Wave growth and forecasting in variable, semi-enclosed domains

The accuracy of wave models in semi-enclosed-basins and orography-controlled wind conditions, especially during fetch-limited storm events, is known to be limited. Wind wave forecasting in the NW Mediterranean Sea is particularly demanding due to the characteristic sharp gradients of the wind and wave conditions. In this work we focus on the commonly observed underestimation of wave parameters even when the wind field is “correct” or overestimated. This is a small step to analyse such a discrepancy, where wind overestimation has been commonly used to get the “right” wave predictions for the “wrong” reason. Here we selected a suitable combination of nested meteorological and wave models to focus on the physics (in parameterized terms) of meso-scale wave generation in restricted domains. First, to better capture the typical sharp gradients in wind and wave fields under those conditions, the spatial resolution of the atmospheric model was progressively increased during a characteristic storm event from 18 km to 4 km; the corresponding frequency of the wind input was increased from 6 to 1 h. Second, the calculated rate of wave growth in the numerical model (i.e. the balance between the input term and the whitecapping dissipation) was analysed and tuned to match the observed local rate of wave growth. The rate of non-dimensional growth in the region of study, which was calculated using measurements along the fetch, turned out to be faster than simulated with the initial model settings and faster than reported in previous studies. Adjusting the wave growth rate in the model to the observations improved the estimated wave height by about 18% and the wave period by about 4%. Decreasing the grid size of the numerical models from 12 km to 4 km improved the timing of the wave peaks but not the maximum values of the storm.
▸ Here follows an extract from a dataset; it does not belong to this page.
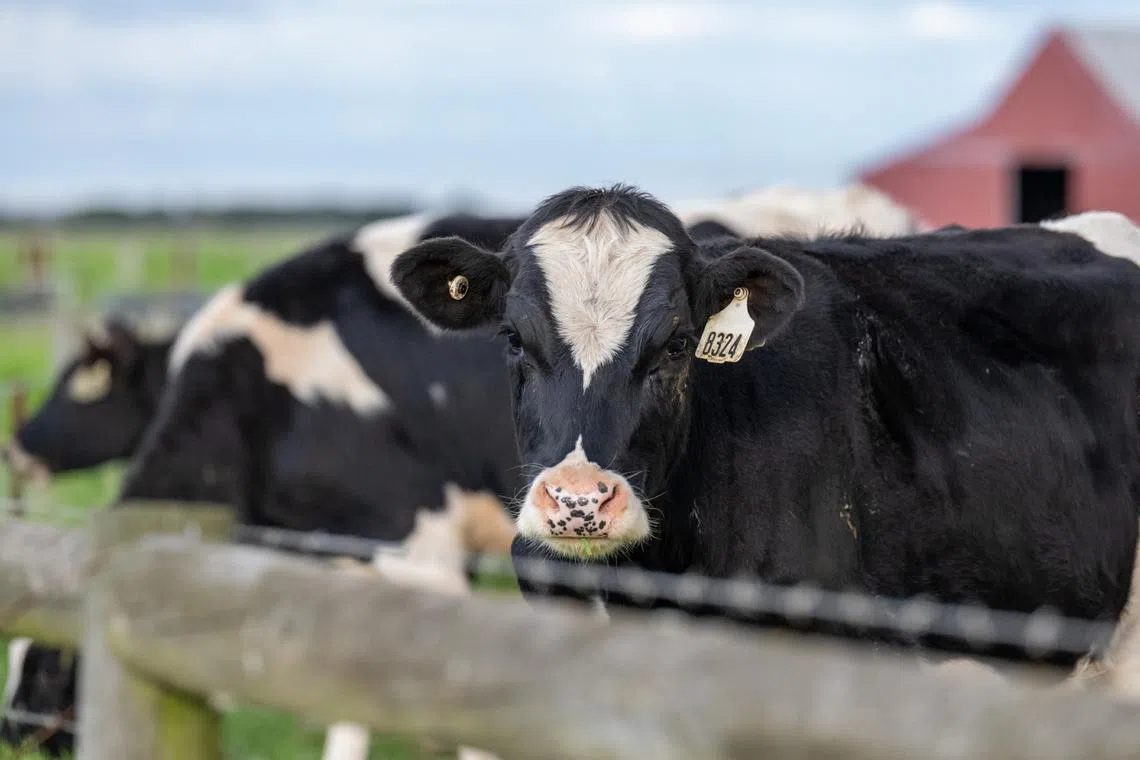 Australia did not specify the number of shipments that will be impacted by Malaysia’s decision.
Increasing the frequency of the wind input (from 6 to 3 h) improved the estimation of the maximum wave height values (peaks) of the storm by about 13%. Summarizing, the results of this work showed that using high resolution and physically adjusted parameterizations in complex regions with strong wind and wave gradients such as the study area, it is possible to significantly reduce the under-estimation of wave parameters and to locally improve wave growth forecasting.